▶ [TASK ITEM]:
What is needed is a word-for-word copy of the listing below, without pictures.

▶ [DATA]:

○ ○ ○ ○ ○

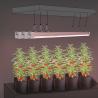 Custom Under Canopy Grow Lights 4Ft Dimmable LED Grow Lights 120W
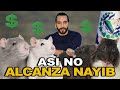 As no alcanza nayib  csar fuentes  el salvador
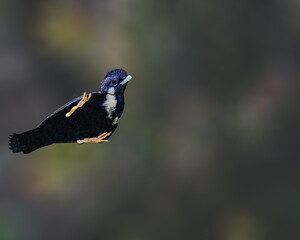 A Sulawesi Myna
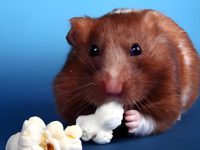 what are the friendliest hamsters?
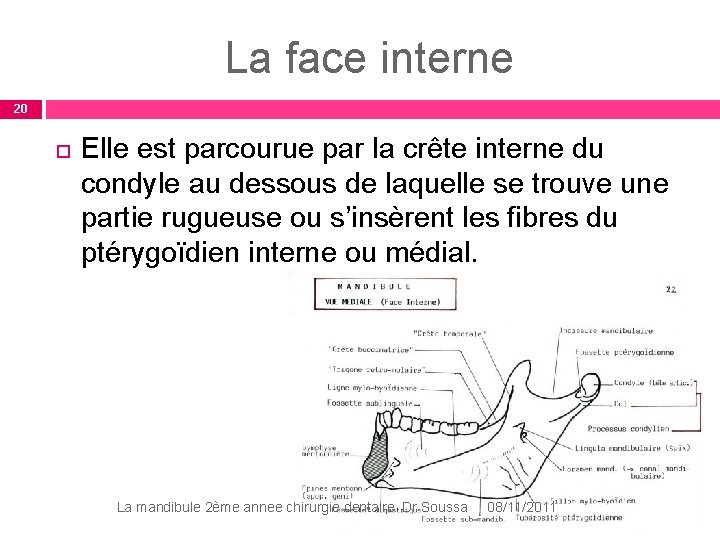 La face interne 20 Elle est parcourue par la crête interne du condyle au La face interne 20 Elle est parcourue par la crête interne du condyle au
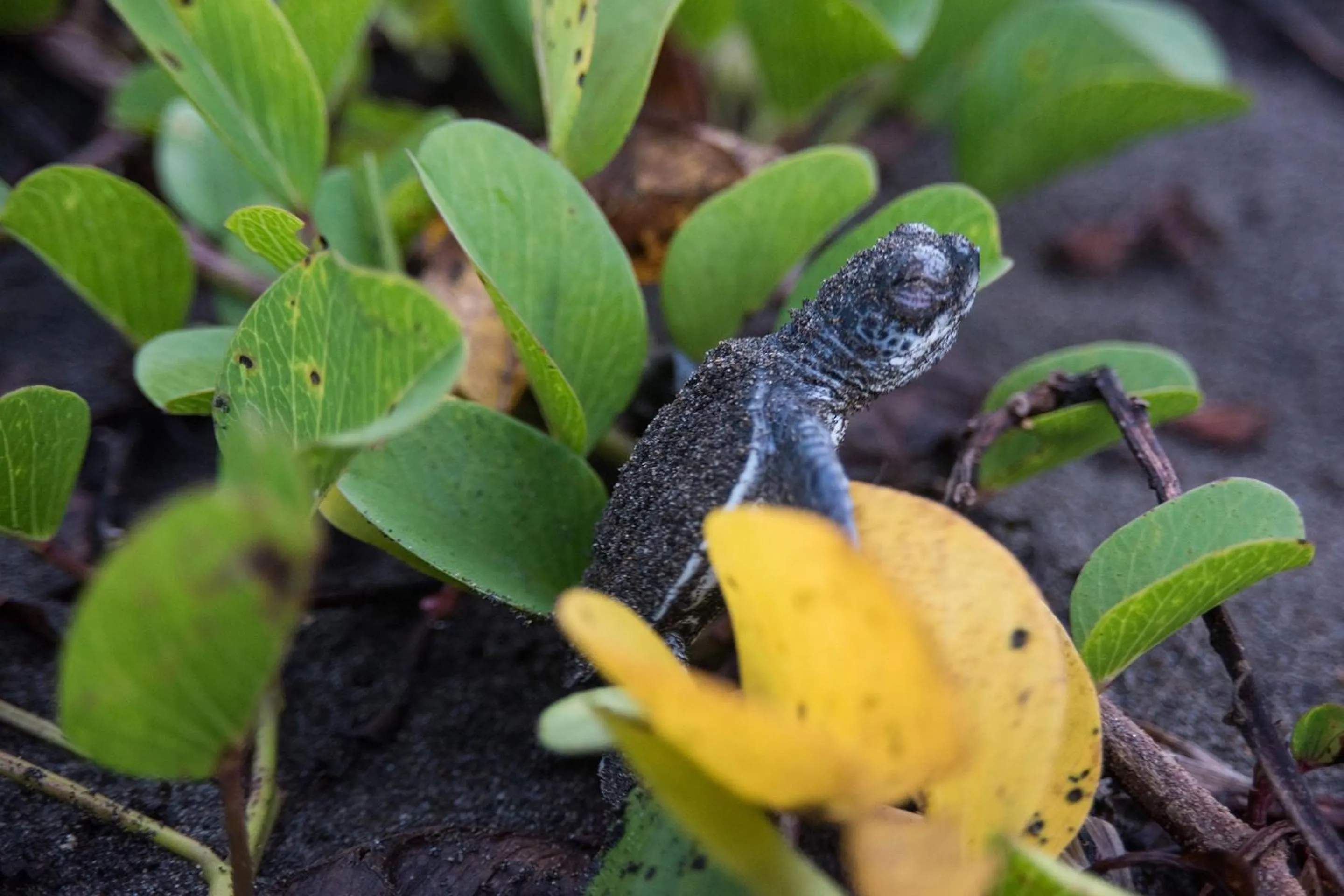 Animals in Tortuga Lodge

○ ○ ○ ○ ○

▶ [TASK ANSWER]:
 Custom Under Canopy Grow Lights 4Ft Dimmable LED Grow Lights 120W
 As no alcanza nayib  csar fuentes  el salvador
 A Sulawesi Myna
 what are the friendliest hamsters?
 La face interne 20 Elle est parcourue par la crête interne du condyle au La face interne 20 Elle est parcourue par la crête interne du condyle au
 Animals in Tortuga Lodge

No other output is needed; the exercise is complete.